Items listed in a dataset:

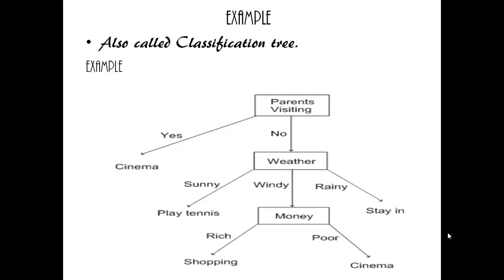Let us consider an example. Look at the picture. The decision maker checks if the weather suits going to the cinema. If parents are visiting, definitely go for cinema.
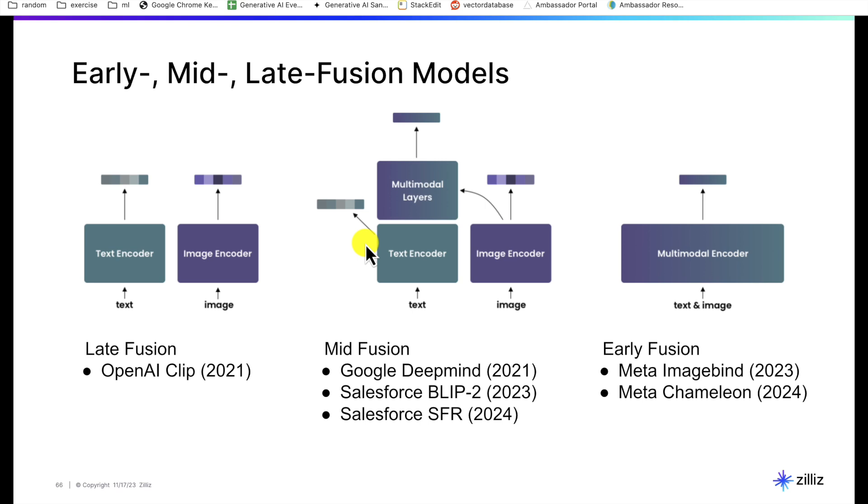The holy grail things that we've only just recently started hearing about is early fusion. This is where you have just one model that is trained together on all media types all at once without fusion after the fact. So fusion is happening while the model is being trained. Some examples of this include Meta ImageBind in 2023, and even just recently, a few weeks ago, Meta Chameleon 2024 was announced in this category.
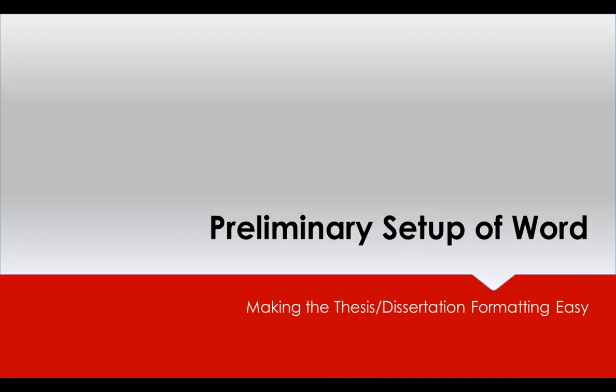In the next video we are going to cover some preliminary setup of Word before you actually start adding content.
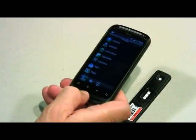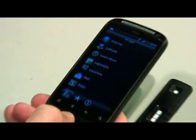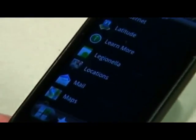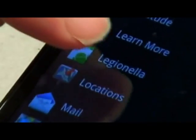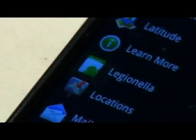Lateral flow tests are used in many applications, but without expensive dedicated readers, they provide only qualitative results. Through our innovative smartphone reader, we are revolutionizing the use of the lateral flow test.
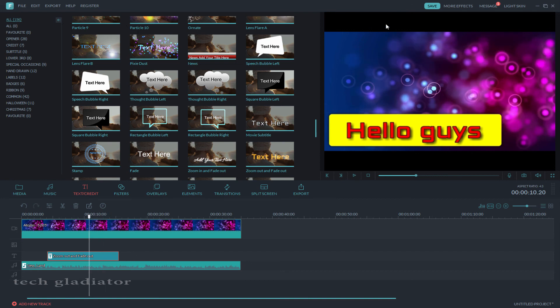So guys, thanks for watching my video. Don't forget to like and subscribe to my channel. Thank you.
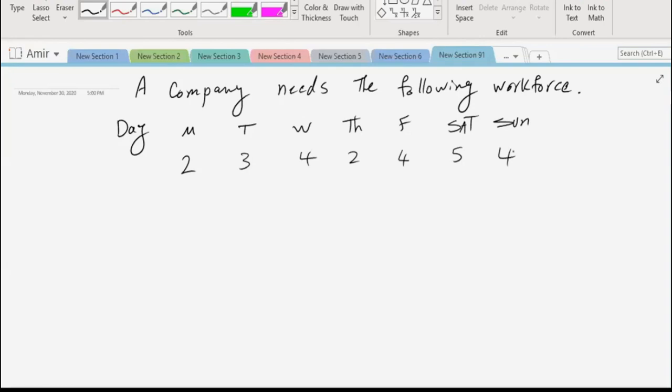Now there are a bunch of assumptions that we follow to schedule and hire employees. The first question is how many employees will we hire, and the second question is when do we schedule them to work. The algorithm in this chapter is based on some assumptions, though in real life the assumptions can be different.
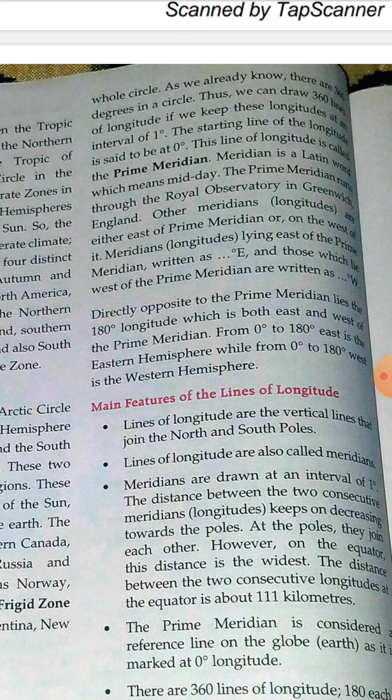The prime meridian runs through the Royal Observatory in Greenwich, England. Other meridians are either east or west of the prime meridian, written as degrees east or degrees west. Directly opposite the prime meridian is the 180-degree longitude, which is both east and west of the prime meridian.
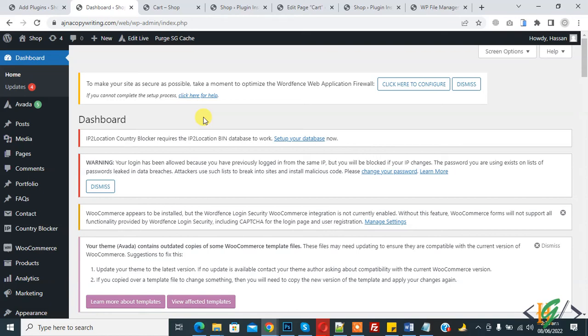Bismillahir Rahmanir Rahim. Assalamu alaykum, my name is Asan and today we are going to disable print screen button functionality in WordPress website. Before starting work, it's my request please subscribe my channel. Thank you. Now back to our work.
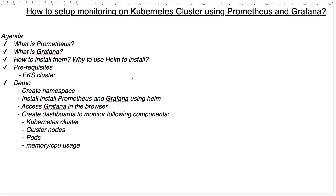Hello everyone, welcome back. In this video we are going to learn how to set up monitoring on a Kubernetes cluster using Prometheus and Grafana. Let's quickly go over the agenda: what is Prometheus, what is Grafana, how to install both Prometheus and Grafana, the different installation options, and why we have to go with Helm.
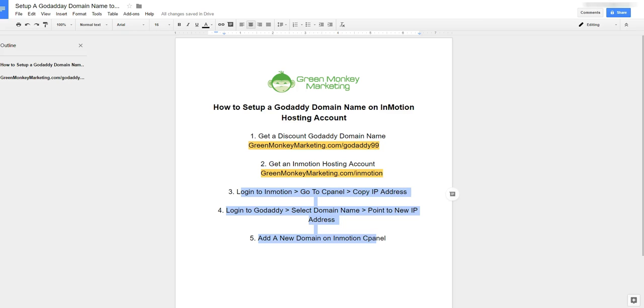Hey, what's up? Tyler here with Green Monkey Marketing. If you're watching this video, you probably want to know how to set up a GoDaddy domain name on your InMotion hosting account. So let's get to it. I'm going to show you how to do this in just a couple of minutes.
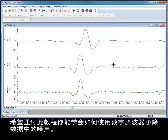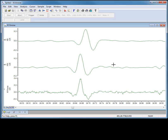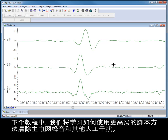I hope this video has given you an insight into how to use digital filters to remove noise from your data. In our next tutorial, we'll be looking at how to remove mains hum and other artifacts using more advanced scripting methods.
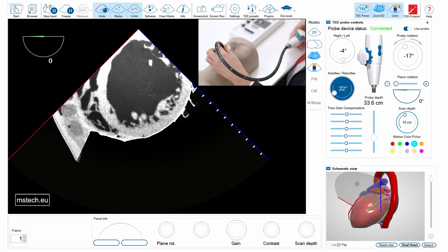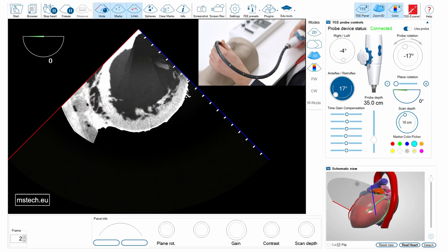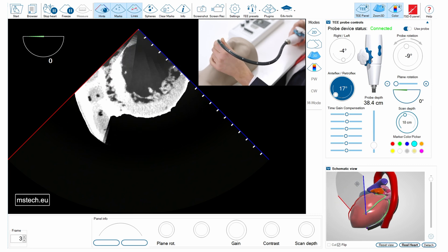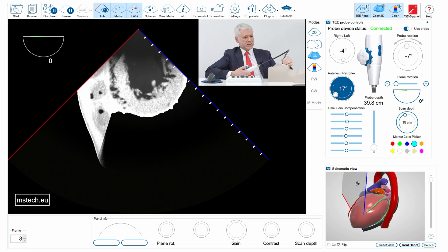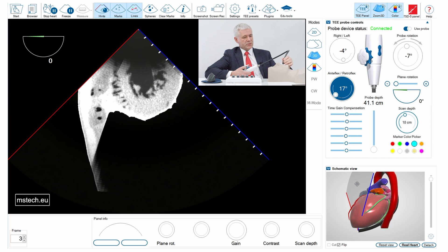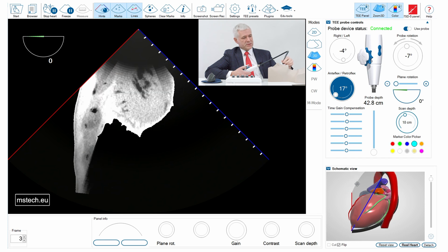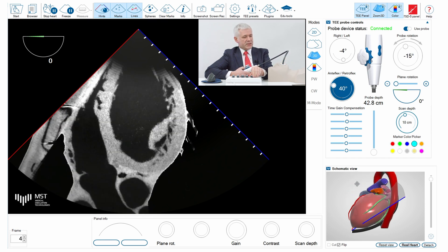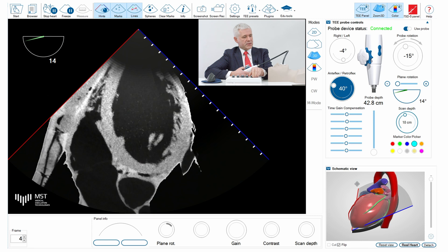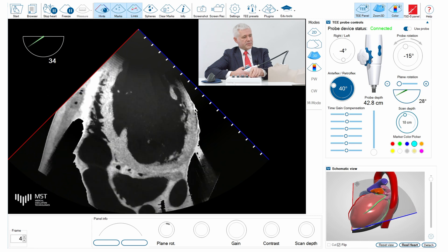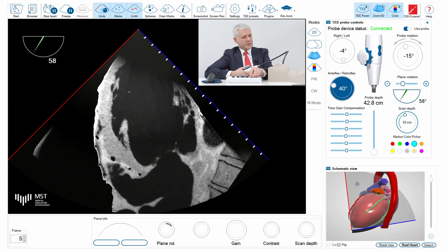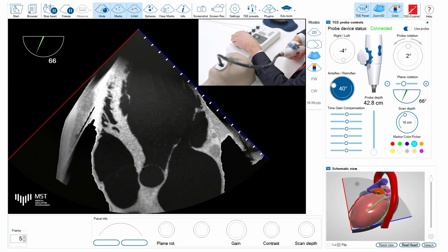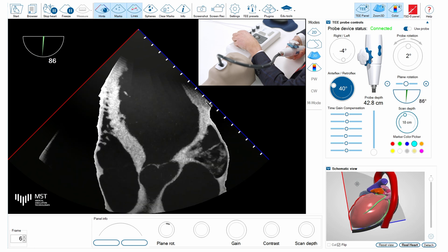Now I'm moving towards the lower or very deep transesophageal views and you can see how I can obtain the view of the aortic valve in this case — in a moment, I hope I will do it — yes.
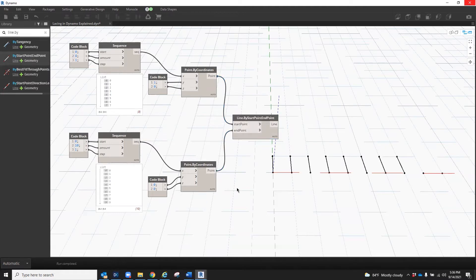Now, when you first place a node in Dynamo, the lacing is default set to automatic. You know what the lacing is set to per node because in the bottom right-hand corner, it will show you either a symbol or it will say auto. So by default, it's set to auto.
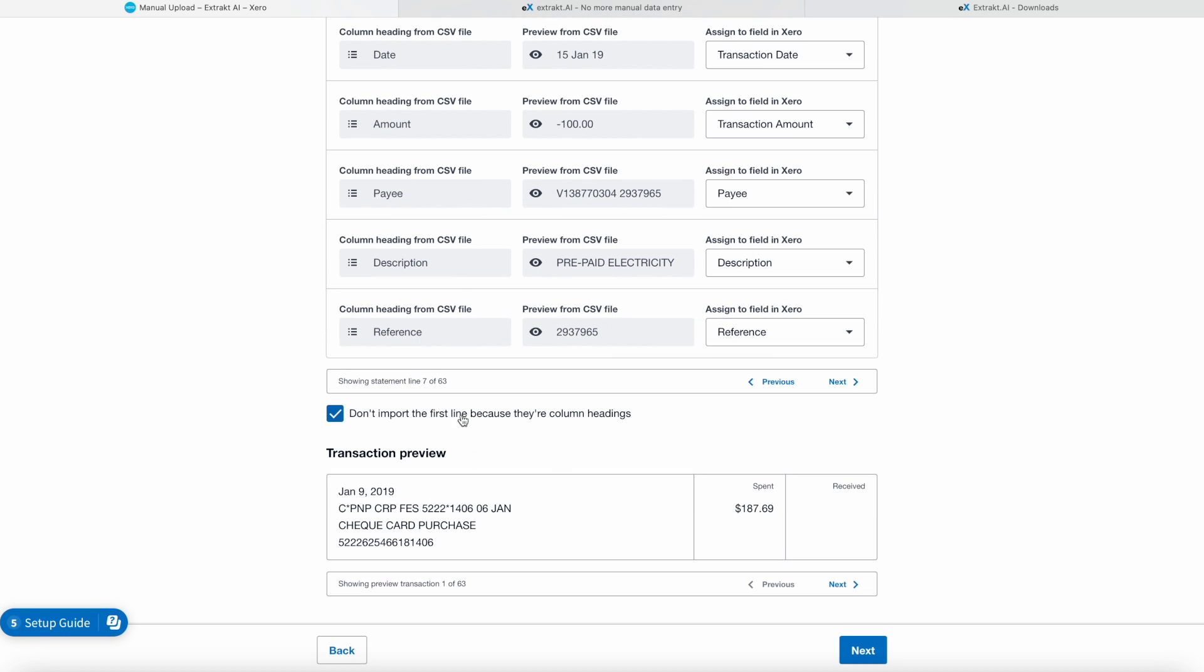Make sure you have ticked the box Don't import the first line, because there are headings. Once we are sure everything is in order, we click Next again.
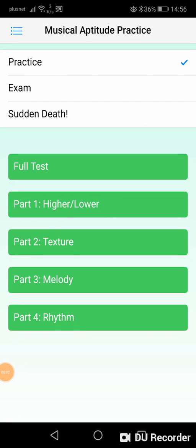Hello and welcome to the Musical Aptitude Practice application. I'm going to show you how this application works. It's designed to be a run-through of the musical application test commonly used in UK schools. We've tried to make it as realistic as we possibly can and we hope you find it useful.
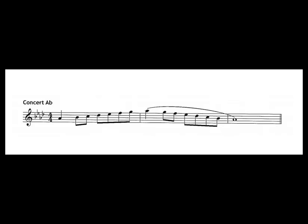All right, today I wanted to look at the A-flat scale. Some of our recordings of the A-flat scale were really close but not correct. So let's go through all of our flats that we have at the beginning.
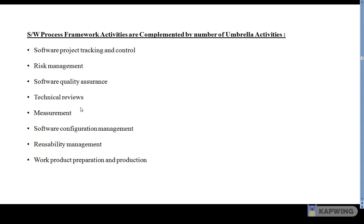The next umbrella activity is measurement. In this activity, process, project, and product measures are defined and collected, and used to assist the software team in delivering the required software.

→ **Exercise brief**
From the records above, copy exactly the lines starting at the one with "In the next" and ending at the one with "Hello everyone, welcome", and no others. Pictures stay out.

→ **Result below**
In the next video we are going to cover some preliminary setup of Word before you actually start adding content.
Lateral flow tests are used in many applications, but without expensive dedicated readers, they provide only qualitative results. Through our innovative smartphone reader, we are revolutionizing the use of the lateral flow test.
So guys, thanks for watching my video. Don't forget to like and subscribe to my channel. Thank you.
Now there are a bunch of assumptions that we follow to schedule and hire employees. The first question is how many employees will we hire, and the second question is when do we schedule them to work. The algorithm in this chapter is based on some assumptions, though in real life the assumptions can be different.
The prime meridian runs through the Royal Observatory in Greenwich, England. Other meridians are either east or west of the prime meridian, written as degrees east or degrees west. Directly opposite the prime meridian is the 180-degree longitude, which is both east and west of the prime meridian.
Bismillahir Rahmanir Rahim. Assalamu alaykum, my name is Asan and today we are going to disable print screen button functionality in WordPress website. Before starting work, it's my request please subscribe my channel. Thank you. Now back to our work.
Hello everyone, welcome back. In this video we are going to learn how to set up monitoring on a Kubernetes cluster using Prometheus and Grafana. Let's quickly go over the agenda: what is Prometheus, what is Grafana, how to install both Prometheus and Grafana, the different installation options, and why we have to go with Helm.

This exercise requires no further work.